The listing is to be reproduced exactly, excluding its pictures.

(PROVIDED DATA)

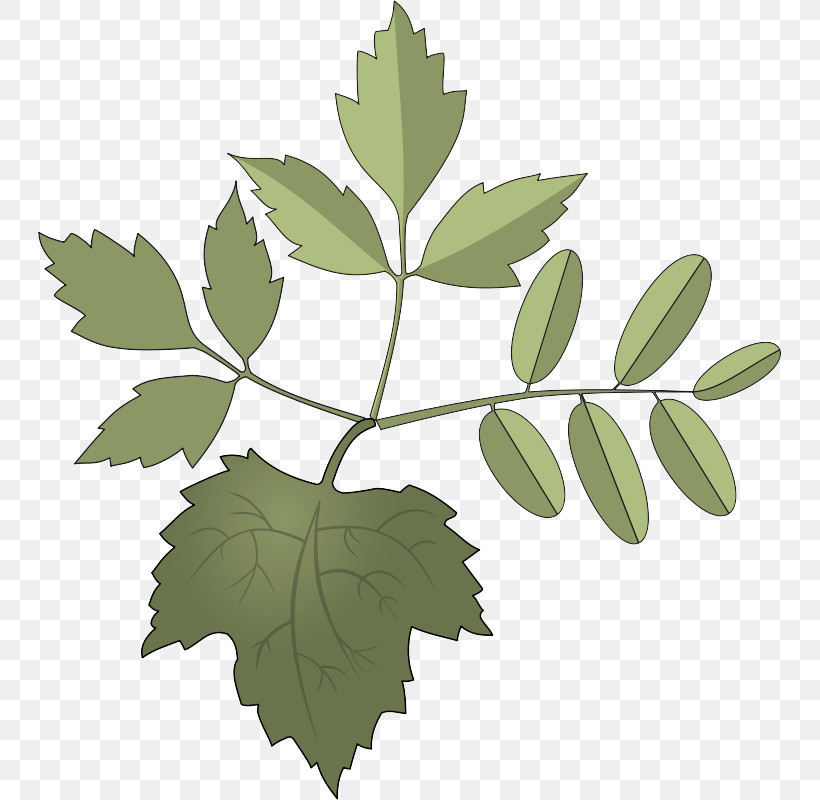 Plane, PNG, 743x800px, Leaf, Branch, Flower, Holly, Oak Download Free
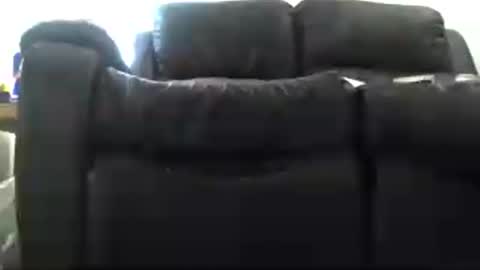 samiam381653 online show from 2, 4, 2026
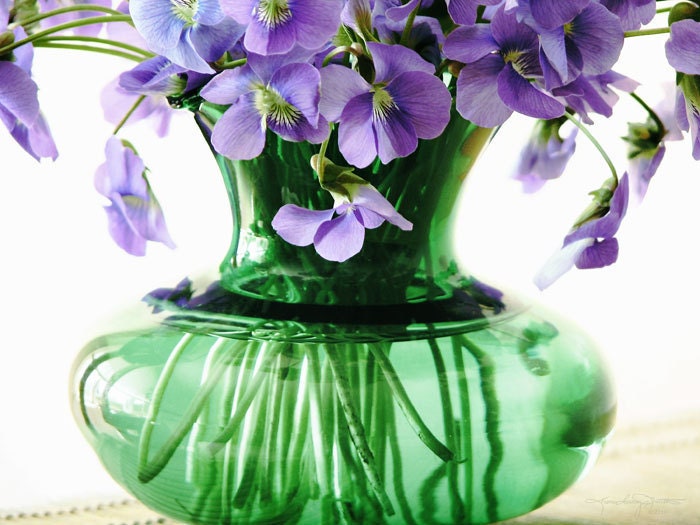 Wild and Sweet - Purple Violets Bouquet Photo Art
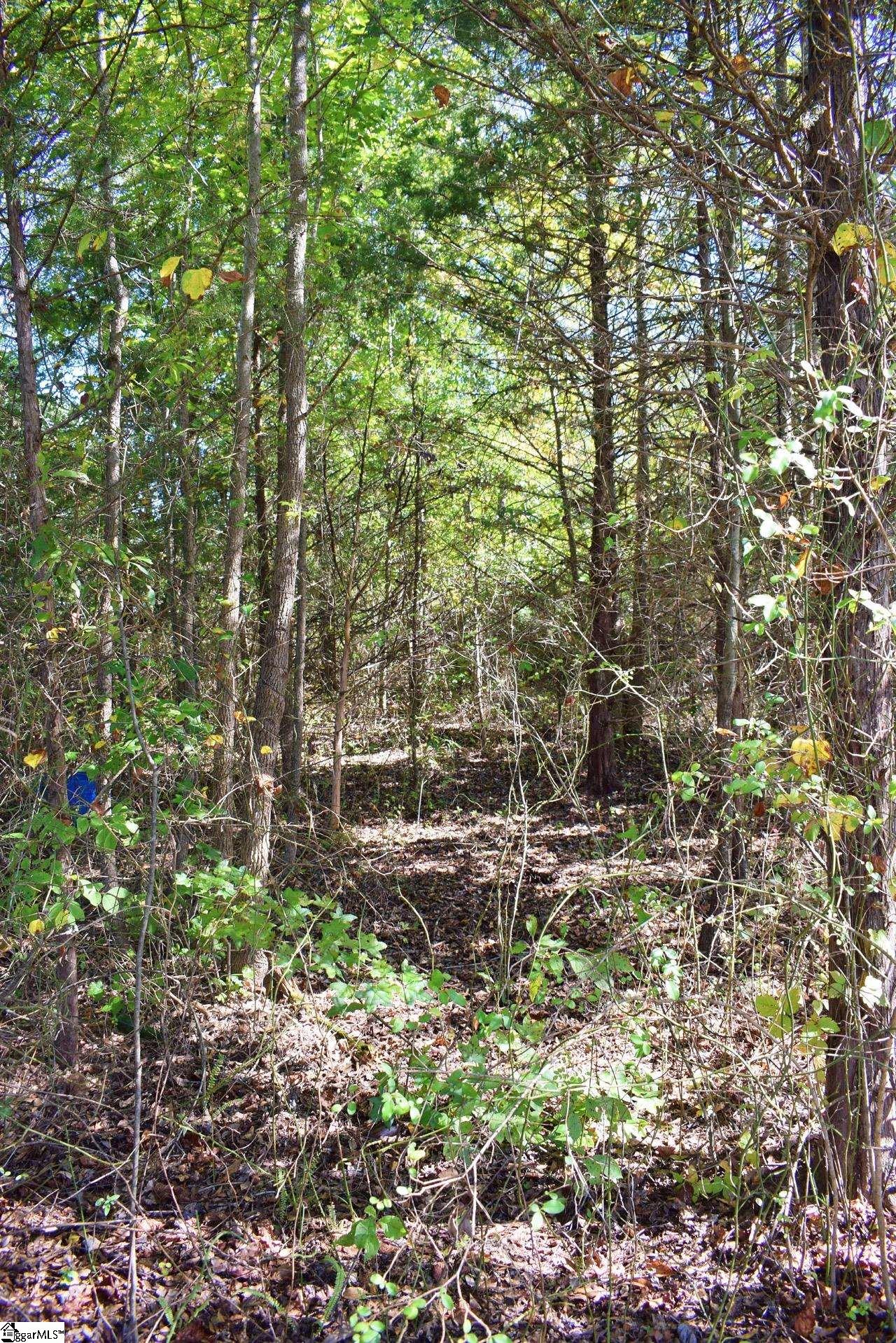 123 State Rd S-42-579 Woodruff, SC 29388 - Photo 2 of 24 Gallery Image 2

(End PROVIDED DATA)

• **RESPONSE FOR THIS EXERCISE**
 Plane, PNG, 743x800px, Leaf, Branch, Flower, Holly, Oak Download Free
 samiam381653 online show from 2, 4, 2026
 Wild and Sweet - Purple Violets Bouquet Photo Art
 123 State Rd S-42-579 Woodruff, SC 29388 - Photo 2 of 24 Gallery Image 2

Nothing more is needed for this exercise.